浦和レッズでプレーする西川周作 [写真]=Getty Images

 日本代表が歓喜に浸った3日前に比べ、埼玉スタジアム2002の雰囲気は少しもの寂しかった。3日のJリーグYBCルヴァンカップ、準々決勝第2戦。浦和レッズはセレッソ大阪と2-2で引き分け、アウェーゴール数の差で2連覇の望みを絶たれた。

 前半にセットプレーから2失点。ゴール左隅に決められた丸橋祐介のFKを「素晴らしいシュートだけど、それをGKが防がなければチームを助けられない」と悔いたのは西川周作だった。逆に追い上げた後半は最後尾から持ち味を発揮。50、52分、CKやクロスを捕っての素早いフィードで立て続けに決定機を導いた。「ピンチはチャンス、と考えながらプレーしている。みんなと意識を共有できた。守備で後追いになってしまう場面も減っているし、間違いなく、チームはいい方向に進んでいる」。監督交代から1カ月。静かな口調で努めて前向きに振り返った。


 ミックスゾーンで取材の輪がほどける。この人に3日前のことを聞きたくて、立ち去ろうとする背中にもう一度、声をかけた。

「オーストラリア戦ですよね。観客席から見ていました。仲間が取ってくれたワールドカップ出場権のおかげで、また一つ、目指すものが明確になった」。例の人懐っこい笑みが西川の顔に広がった。

 アジア最終予選の途中まで正GKだった。今年に入って調子を落とし、3月の2試合は先発を外れた。浦和の失点はかさみ、6月以降は招集もされていない。自分のいない代表が、好内容の勝利でロシアへの扉を開いた。素直に喜べるのか、複雑な思いを抱えているのか。

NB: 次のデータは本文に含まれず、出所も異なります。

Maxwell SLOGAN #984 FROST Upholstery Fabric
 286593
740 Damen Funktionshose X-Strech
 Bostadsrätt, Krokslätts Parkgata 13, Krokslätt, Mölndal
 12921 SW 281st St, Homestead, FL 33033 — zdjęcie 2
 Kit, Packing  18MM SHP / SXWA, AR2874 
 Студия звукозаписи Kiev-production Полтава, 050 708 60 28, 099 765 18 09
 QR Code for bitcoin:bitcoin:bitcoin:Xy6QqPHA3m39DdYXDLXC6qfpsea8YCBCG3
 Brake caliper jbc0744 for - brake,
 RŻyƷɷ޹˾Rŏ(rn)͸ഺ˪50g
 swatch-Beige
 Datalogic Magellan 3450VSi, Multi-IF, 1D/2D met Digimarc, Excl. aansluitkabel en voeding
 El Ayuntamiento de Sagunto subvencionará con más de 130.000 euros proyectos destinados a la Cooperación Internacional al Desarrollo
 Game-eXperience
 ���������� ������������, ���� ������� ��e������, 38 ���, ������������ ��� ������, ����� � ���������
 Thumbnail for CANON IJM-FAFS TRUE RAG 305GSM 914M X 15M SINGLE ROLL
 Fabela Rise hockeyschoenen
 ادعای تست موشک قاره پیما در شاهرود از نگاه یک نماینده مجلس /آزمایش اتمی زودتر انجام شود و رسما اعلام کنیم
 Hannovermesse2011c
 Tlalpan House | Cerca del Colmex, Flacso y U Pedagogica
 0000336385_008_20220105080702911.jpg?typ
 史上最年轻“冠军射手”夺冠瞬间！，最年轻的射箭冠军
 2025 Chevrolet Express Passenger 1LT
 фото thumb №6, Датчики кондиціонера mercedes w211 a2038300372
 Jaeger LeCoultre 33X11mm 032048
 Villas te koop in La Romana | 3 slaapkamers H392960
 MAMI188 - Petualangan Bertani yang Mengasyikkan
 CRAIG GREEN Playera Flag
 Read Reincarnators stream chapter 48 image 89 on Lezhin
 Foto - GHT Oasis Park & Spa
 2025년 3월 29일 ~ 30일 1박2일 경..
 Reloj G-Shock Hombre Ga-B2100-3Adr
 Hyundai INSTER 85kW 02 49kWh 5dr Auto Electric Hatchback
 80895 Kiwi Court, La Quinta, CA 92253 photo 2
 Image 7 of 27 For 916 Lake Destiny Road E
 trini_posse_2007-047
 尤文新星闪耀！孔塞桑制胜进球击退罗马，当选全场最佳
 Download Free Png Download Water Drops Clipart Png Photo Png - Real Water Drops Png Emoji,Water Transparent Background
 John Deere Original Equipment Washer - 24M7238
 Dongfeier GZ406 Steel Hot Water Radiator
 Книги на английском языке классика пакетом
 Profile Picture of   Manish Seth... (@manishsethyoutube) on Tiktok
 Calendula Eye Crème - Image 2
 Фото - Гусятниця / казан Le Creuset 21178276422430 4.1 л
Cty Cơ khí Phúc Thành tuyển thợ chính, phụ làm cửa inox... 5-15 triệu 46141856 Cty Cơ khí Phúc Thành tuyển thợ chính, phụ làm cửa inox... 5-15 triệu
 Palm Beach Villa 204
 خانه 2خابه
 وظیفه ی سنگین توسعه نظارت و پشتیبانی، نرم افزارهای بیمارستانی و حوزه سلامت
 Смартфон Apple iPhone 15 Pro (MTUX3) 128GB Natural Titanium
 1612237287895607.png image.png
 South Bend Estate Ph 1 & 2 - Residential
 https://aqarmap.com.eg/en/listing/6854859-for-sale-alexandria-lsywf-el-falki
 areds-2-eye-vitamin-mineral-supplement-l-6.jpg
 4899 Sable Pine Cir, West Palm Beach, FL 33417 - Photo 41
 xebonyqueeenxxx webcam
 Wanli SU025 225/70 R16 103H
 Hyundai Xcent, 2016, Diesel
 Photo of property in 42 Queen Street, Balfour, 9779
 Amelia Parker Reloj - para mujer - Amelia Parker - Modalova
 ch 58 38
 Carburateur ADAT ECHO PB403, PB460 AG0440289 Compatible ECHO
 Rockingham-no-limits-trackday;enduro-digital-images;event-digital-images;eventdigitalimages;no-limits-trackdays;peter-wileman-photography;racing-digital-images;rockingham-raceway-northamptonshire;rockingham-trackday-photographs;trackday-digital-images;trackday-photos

「いやいやもう、素直に喜びましたよ。代表に選ばれていない僕がやるべきは、チーム(浦和)でこつこつと結果を残すことだけだから。チームあっての代表なので」

 その代表、若いフィールドプレーヤーによるベテランの突き上げが激しい。31歳の西川が34歳の川島永嗣(メス)に定位置を奪い返されたGKの座を巡っても、22歳の中村航輔(柏レイソル)が進境著しい。「刺激は受けます。ハリルさん(ヴァイッド・ハリルホジッチ監督)は明確に、調子がいい選手、リーグで結果を出した選手を呼んで使う。だからチームで結果を残し続けることが代表への道になる。ただ……」

 もう一つの決意に、西川は力を込めた。

「(登録枠の)23人に入るというより、僕は、ワールドカップの試合に出るというところを目指したい」。2014年のブラジル。開幕直前の親善試合ザンビア代表戦で先発に指名され、3失点を喫した。本番の3試合270分間はベンチから見つめた。「やっぱりね、あのタッチラインの向こう側の世界は、ピッチに立った選手しか感じられない。選手である以上、あのピッチに立ちたいと、みんな、思っているはず。そういう(レベルの高い)競争をしていきたい」

 国を背負う喜びを怖い物知らずに表現できる若手が現れた。長く代表を支えてきた面々は、重圧と向き合いながら、遠くジッダの地で巻き返しを期す。そして日本で、かつての雪辱を胸に誓いつつ腕をぶす者がいる。彼らの発散する熱が高まるほどに、日本の可能性は広がる。

 話をオーストラリア戦に戻そう。快勝の後。観客席の西川と、スタッフとともにピッチに繰り出した浜野征哉・日本代表GKコーチの目が合った。普段から連絡を交わし、相談と激励をやり取りする仲。「手を振って喜びを分かちあえて、よかったです」

 集まっては散り散りに、を繰り返すのが代表の常であり儚さ。そんな組織ならではの細やかな人間模様を映す、いいエピソードだった。